Informed and prepared: Young people and the GFF

Aminata is a Senegalese lawyer working on gender and human rights in Senegal. In this blog, she sets out her strategy, which she believes will ensure the effective participation of youth in the GFF.

I am a Senegalese lawyer by training and head of the Gender and Human Rights Office of the National Youth Alliance for Reproductive Health and Family Planning. Our organisation is a very active civil society organisation (CSO) at national and local level, which is why we were invited to be involved when the Senegal Civil Society Engagement strategy for the GFF was validated.

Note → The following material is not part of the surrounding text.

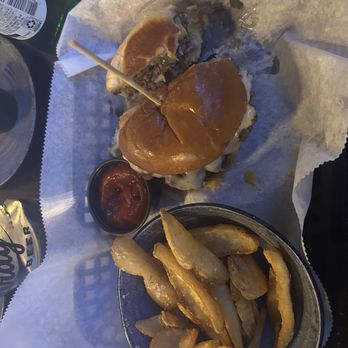 Boulder’s Bar & Grill - Smashburger and fries - Salad Near Me - High Point, North Carolina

The CSO GFF engagement workshop in Senegal, run by E4A-MamaYe, was an opportunity to bring together French-speaking CSOs to share knowledge around the GFF process, and to share the experience of Senegal with regard to the involvement of CSOs in the GFF and the national coalition. This workshop allowed us to better understand the GFF, its expectations regarding inclusion, transparency and mutual accountability: a necessary step towards better ownership of the GFF by stakeholders and communities.

Most importantly, the workshop also gave us the chance to highlight the obstacles to youth participation: the role of young people, especially youth led CSOs, in the implementation and monitoring of the GFF is not yet clear or specific. Language barriers pose an additional challenge, placing limits on the involvement of young people, specifically for young Francophones. Indeed, accessing relevant information about the GFF and its associated processes in a timely manner proves difficult for francophone countries and their civil societies.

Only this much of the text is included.